◆ Data excerpts:
>>>>

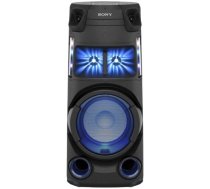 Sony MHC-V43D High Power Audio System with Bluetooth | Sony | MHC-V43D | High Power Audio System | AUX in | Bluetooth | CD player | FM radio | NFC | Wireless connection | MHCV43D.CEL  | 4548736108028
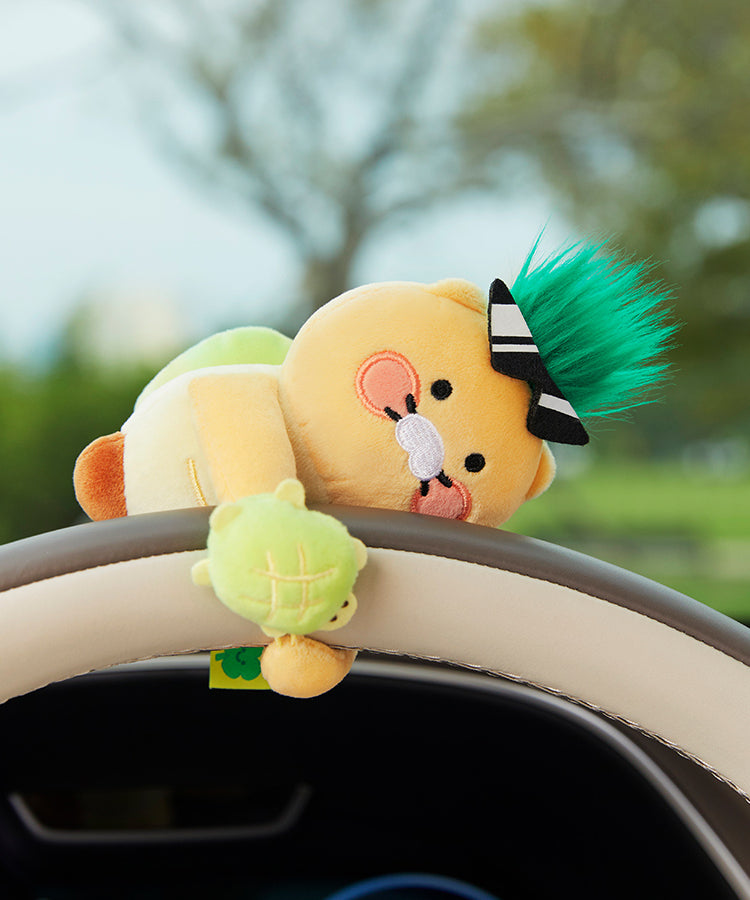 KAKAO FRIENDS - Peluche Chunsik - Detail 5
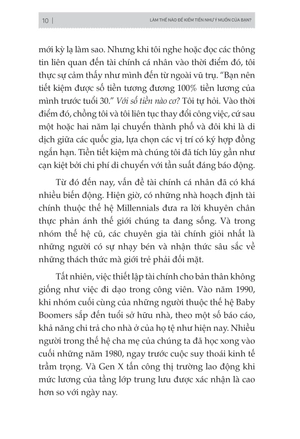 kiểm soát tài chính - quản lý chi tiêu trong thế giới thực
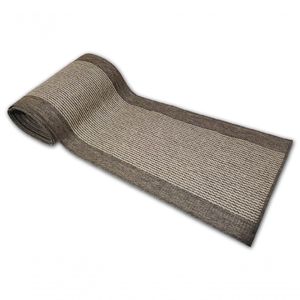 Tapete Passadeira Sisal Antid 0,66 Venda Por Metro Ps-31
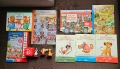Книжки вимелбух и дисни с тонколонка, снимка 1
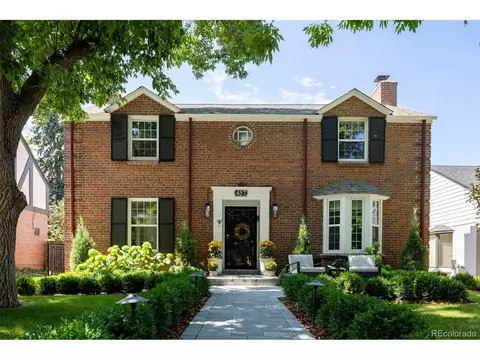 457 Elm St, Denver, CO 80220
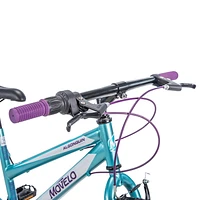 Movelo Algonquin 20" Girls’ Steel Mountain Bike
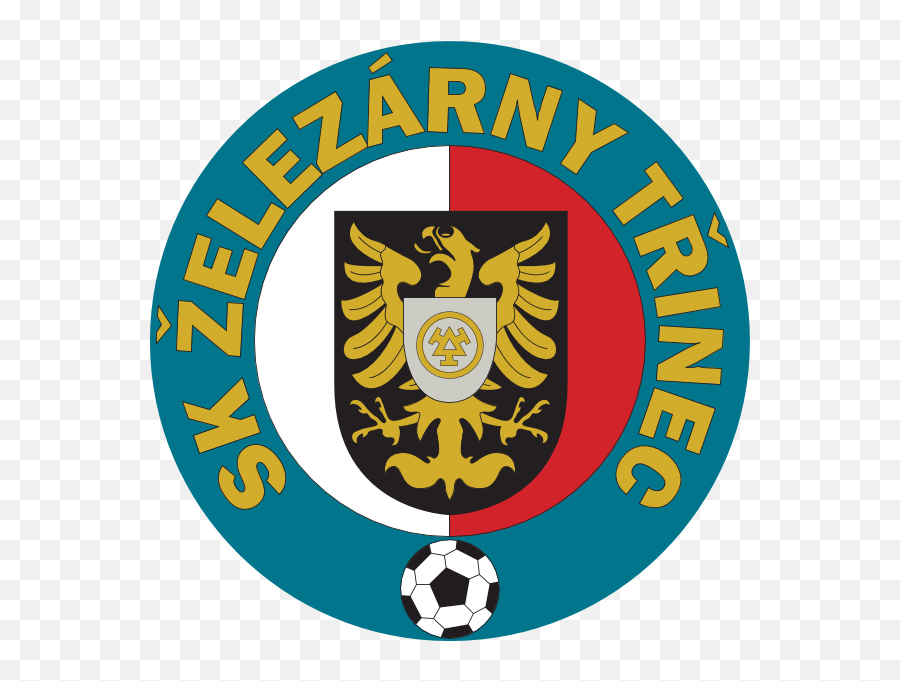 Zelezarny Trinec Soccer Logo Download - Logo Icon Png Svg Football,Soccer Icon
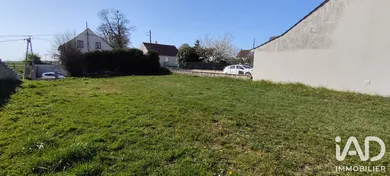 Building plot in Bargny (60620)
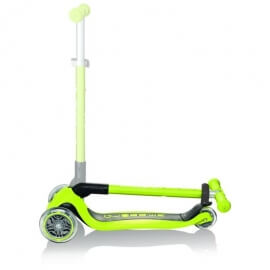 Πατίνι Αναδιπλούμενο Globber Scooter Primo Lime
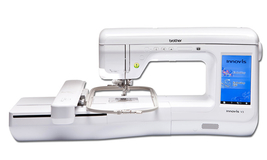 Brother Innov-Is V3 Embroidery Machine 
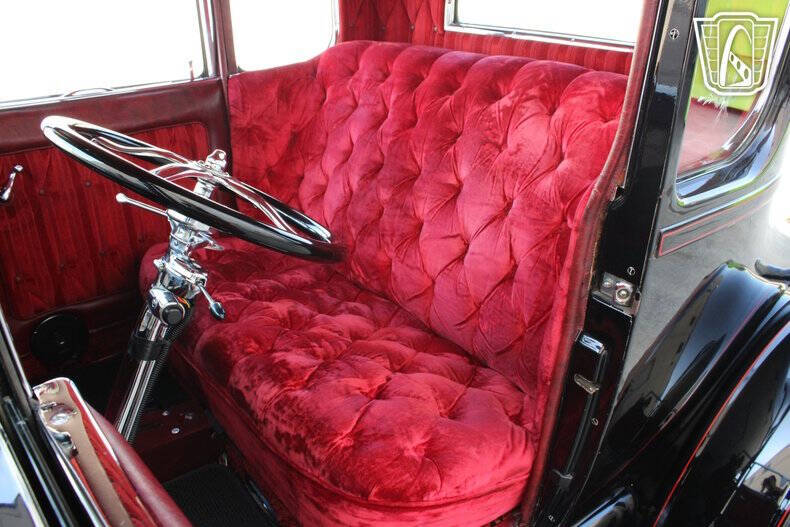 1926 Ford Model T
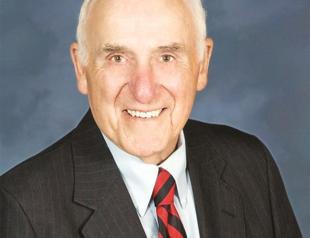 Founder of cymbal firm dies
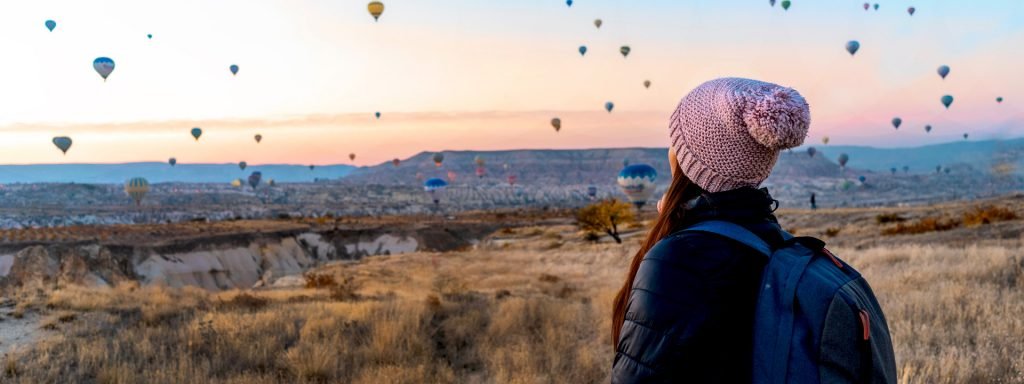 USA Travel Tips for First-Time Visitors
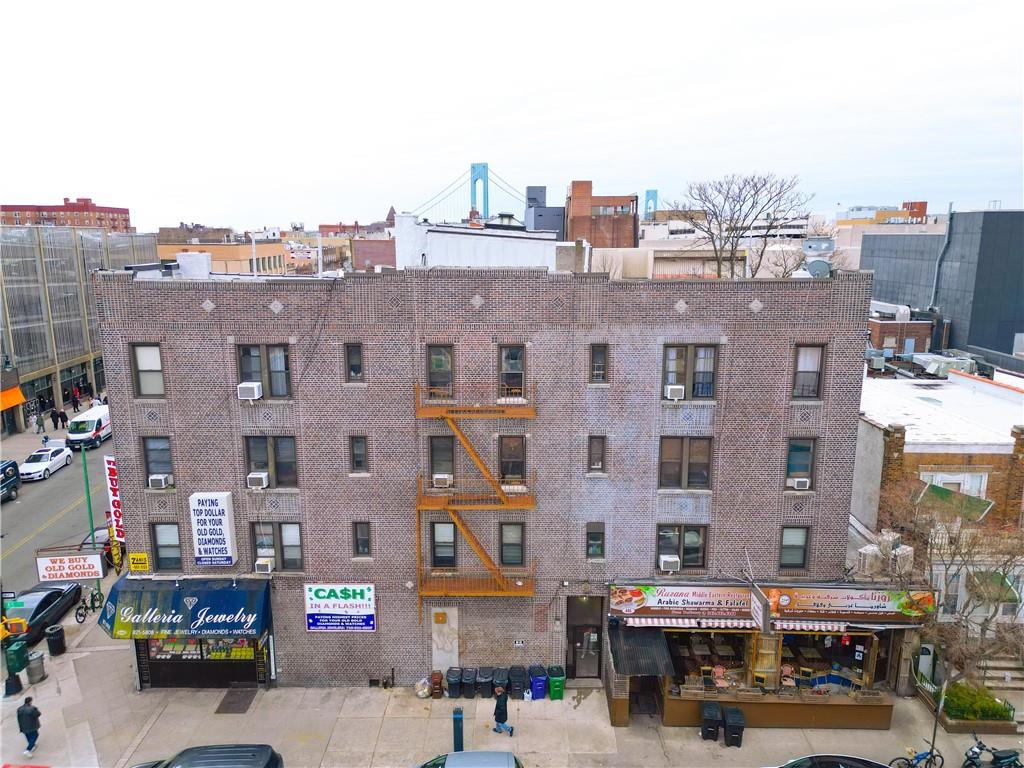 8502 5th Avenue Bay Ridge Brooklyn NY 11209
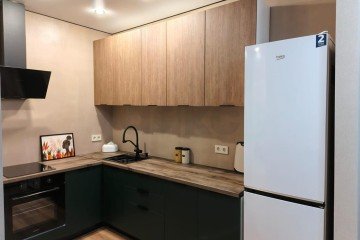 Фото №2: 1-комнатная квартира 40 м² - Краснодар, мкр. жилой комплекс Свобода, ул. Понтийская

<<<<
>>>>

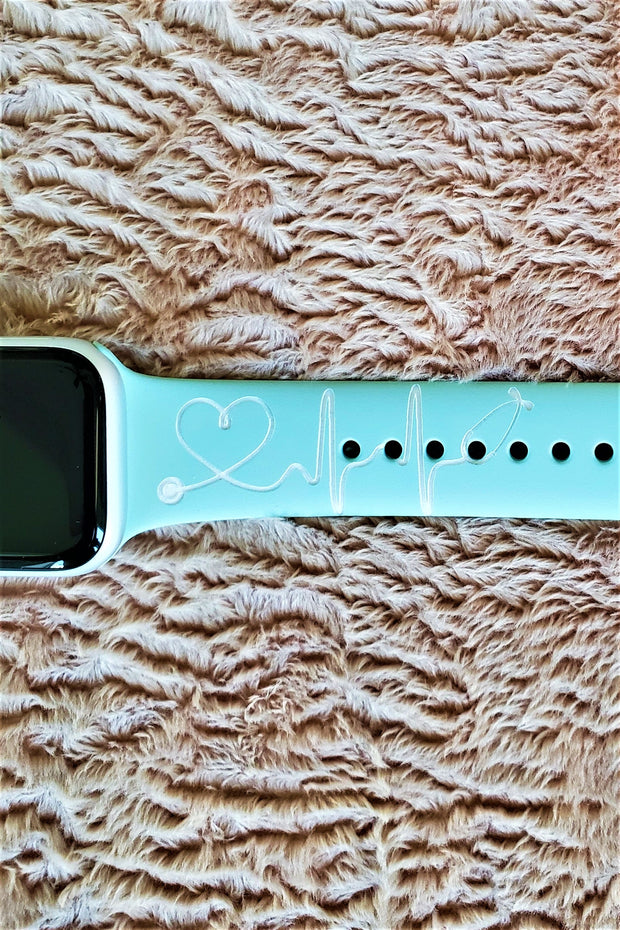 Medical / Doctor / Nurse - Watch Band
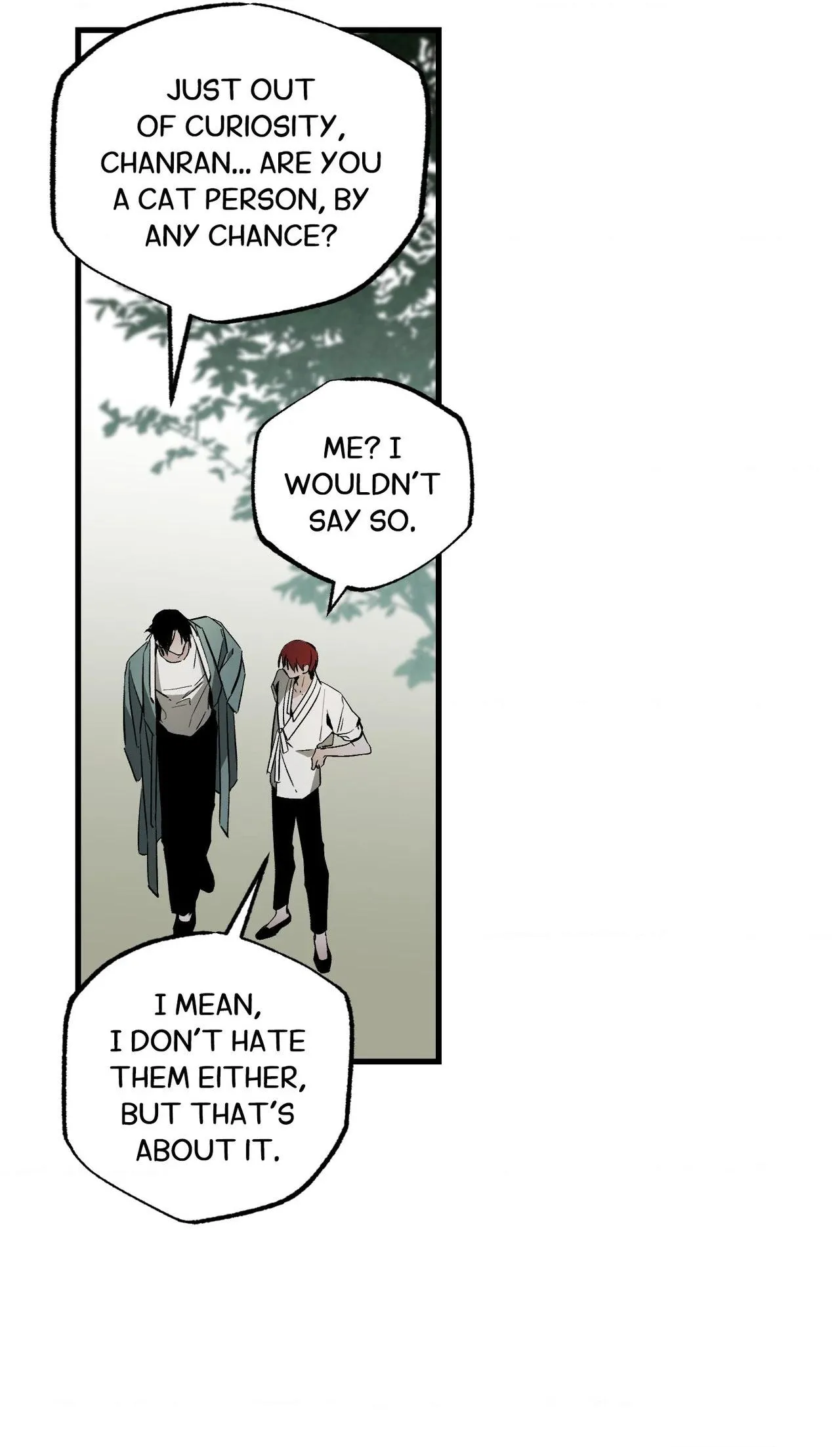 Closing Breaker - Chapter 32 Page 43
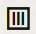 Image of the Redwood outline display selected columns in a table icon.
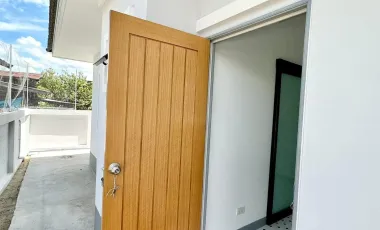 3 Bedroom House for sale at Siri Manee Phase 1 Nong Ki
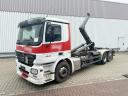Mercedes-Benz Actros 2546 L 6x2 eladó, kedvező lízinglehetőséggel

<<<<
>>>>

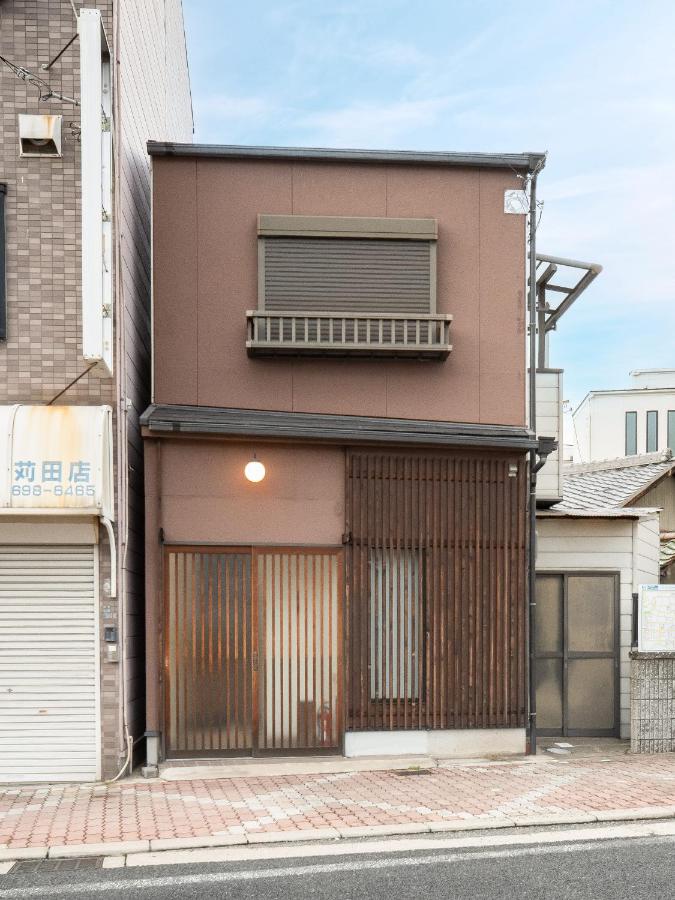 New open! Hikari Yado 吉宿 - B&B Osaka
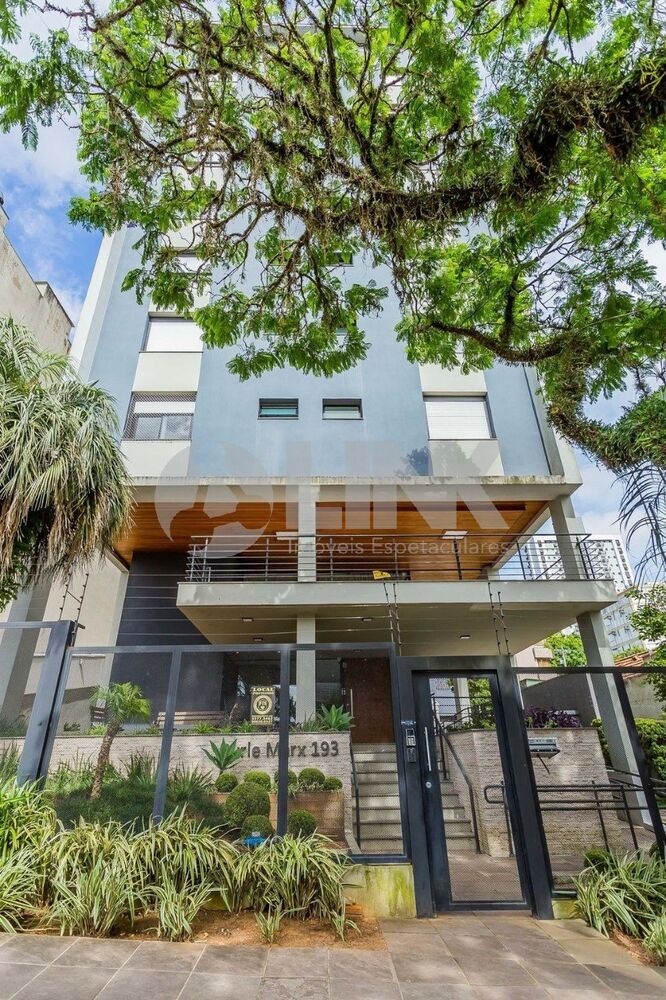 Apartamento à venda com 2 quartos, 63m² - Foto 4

<<<<

◆ How to complete this task: Nothing but the lines above from the one that has "Closing Breaker - Chapter 32 Page 43" down to the one that has "Mercedes-Benz Actros 2546" belongs in the answer, copied exactly, without pictures.

◆ Reply:
 Closing Breaker - Chapter 32 Page 43
 Image of the Redwood outline display selected columns in a table icon.
 3 Bedroom House for sale at Siri Manee Phase 1 Nong Ki
Mercedes-Benz Actros 2546 L 6x2 eladó, kedvező lízinglehetőséggel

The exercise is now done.